Dr. Dedi Irwansyah, M.Hum (Ketua Lembaga
Penjaminan Mutu IAIN Metro)
“Untuk benar-benar menguasai sebuah
bahasa, Anda harus menguasai lebih dari satu bahasa.” (Geooffrey Willans)
Ini kisah tentang malam Jum’at. Kamis pagi, seorang
ayah yang sedang dinas luar kota, menelpon anaknya. Dia bertanya kepada sang
anak, ‘Apakah engkau melihat Ibu sholat subuh hari ini?’ Di ujung sana, sang anak menjawab, ‘Iya. Saya dan Ibu sholat
bersama subuh tadi.’ Sang ayah, yang juga seorang suami itu, girang bukan
kepalang. Ada setangkup keinginan agar waktu berlari lebih cepat. Ia ingin
segera tiba di rumah setelah lima hari jauh dari keluarga. Dan begitulah,
sebagai a family man, pria yang
menyayangi keluarganya, ia membawakan buah tangan untuk anak-anak dan juga,
terutama, untuk istrinya. Pesawat melaju dan mendarat menjelang petang di
bandara tujuan. Segera, si suami menelpon istrinya. Dalam intonasi menggoda, ia
berkata, ‘Sayang, Papah super kangen sama Mamah. Apalagi, ini kan malam
Jum’at.’ Lalu di ujung sana, sayup terdengar si istri menjawab, “Sebenarnya Mamah
juga kangen sama Papah. Namun apa daya, sejak ashar tadi Mamah sedang tidak
sholat.”
Pengolahan informasi di dalam otak (brain) bisa begitu cepat dan kadang
berlangsung sangat dramatis. Ini kisah
tentang malam Jum’at, bisa jadi memberi kesan horor bagi banyak benak.
Ketika cerita malam Jum’at ditautkan
dengan diksi suami-istri, mungkin saja muncul kesan keinginan membara, untuk
tidak mengatakan erotis. Ketika si istri berucap ‘sedang tidak sholat’, pembaca
cerita mungkin akan menangkap efek komedi. Syahdan,
apa yang bagi pembaca adalah komedi, bagi sang suami adalah tragedi. Pada titik
terjadinya ragam interpretasi, orang perlu menengok konsep implikatur.
Dalam ilmu bahasa, ada konsep yang dinamai implikatur.
Implikatur tampak sama dengan ‘maksud’ atau ‘kesimpulan’. Implikatur juga semacam
makna tersirat atau makna tidak langsung dari sebuah ujaran atau kalimat.
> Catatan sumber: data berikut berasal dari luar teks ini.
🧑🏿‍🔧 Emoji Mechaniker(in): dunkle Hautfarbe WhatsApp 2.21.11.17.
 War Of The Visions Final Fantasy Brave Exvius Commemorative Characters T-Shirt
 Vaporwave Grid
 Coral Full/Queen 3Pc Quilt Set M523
Tulislah sebuah kalimat di sosial media, maka kalimat itu bisa melahirkan
banyak implikatur. Kurang lebih begitu. Kita membayangkan seorang wanita
menulis sebuah postingan di sosial medianya: ‘Mukena sedang dicuci’. Pelanggan
si wanita, yang ternyata punya bisnis laundry
itu, akan menangkap maksud yang tidak sama dengan suami sang wanita yang
akan pulang dari dinas luar kota.
Implikatur ada yang positif dan ada pula yang negatif. Keduanya bisa muncul bersamaan sebagai
kesimpulan terhadap sebuah kalimat, jargon, motto, visi misi, dan lain
sebagainya. Contoh motto, LPM IAIN Metro: When
You Need to Be Excellent. Contoh implikatur negatif: jadi, selama ini kita
tidak ekselen sehingga harus
dibuatkan moto tubi ekselen. Contoh
implikatur positif: IAIN Metro tampaknya sedang menuju rekognisi internasional
karena motto LPM-nya saja sudah berbahasa Inggris.
‘Alaa
kulliy haal, implikatur
akan menghasilkan kesimpulan yang solid jika pembicara-pendegar atau
penulis-pembaca memiliki persamaan persepsi. Harus ada kesepahaman konteks atau
kesamaan frekuensi, agar sebuah kalimat menghasilkan implikatur yang sama. Percayalah,
cerita di awal tulisan ini akan sukar menemukan efek komedi bagi non-Muslim
yang tidak memiliki pengetahuan memadai tentang Islam. Bahkan bagi Muslim(ah)
yang belum dewasa, cerita tersebut tidak akan pernah mengandung unsur tragedi. Di
titik ini, motto semacam When You Need to
Be Excellent akan menemukan kesejatiannya bila semua civitas akademika
menempatkan capaian Excellent atau
unggul sebagai prioritas. Hanya jika semua stakeholders
menginginkan keunggulan, motto tersebut akan menemukan maknanya yang paling
solid. Perkara ia ditulis dalam bahasa Inggris, anggap saja tujuannya agar kita
benar-benar menguasai bahasa regional atau nasional kita.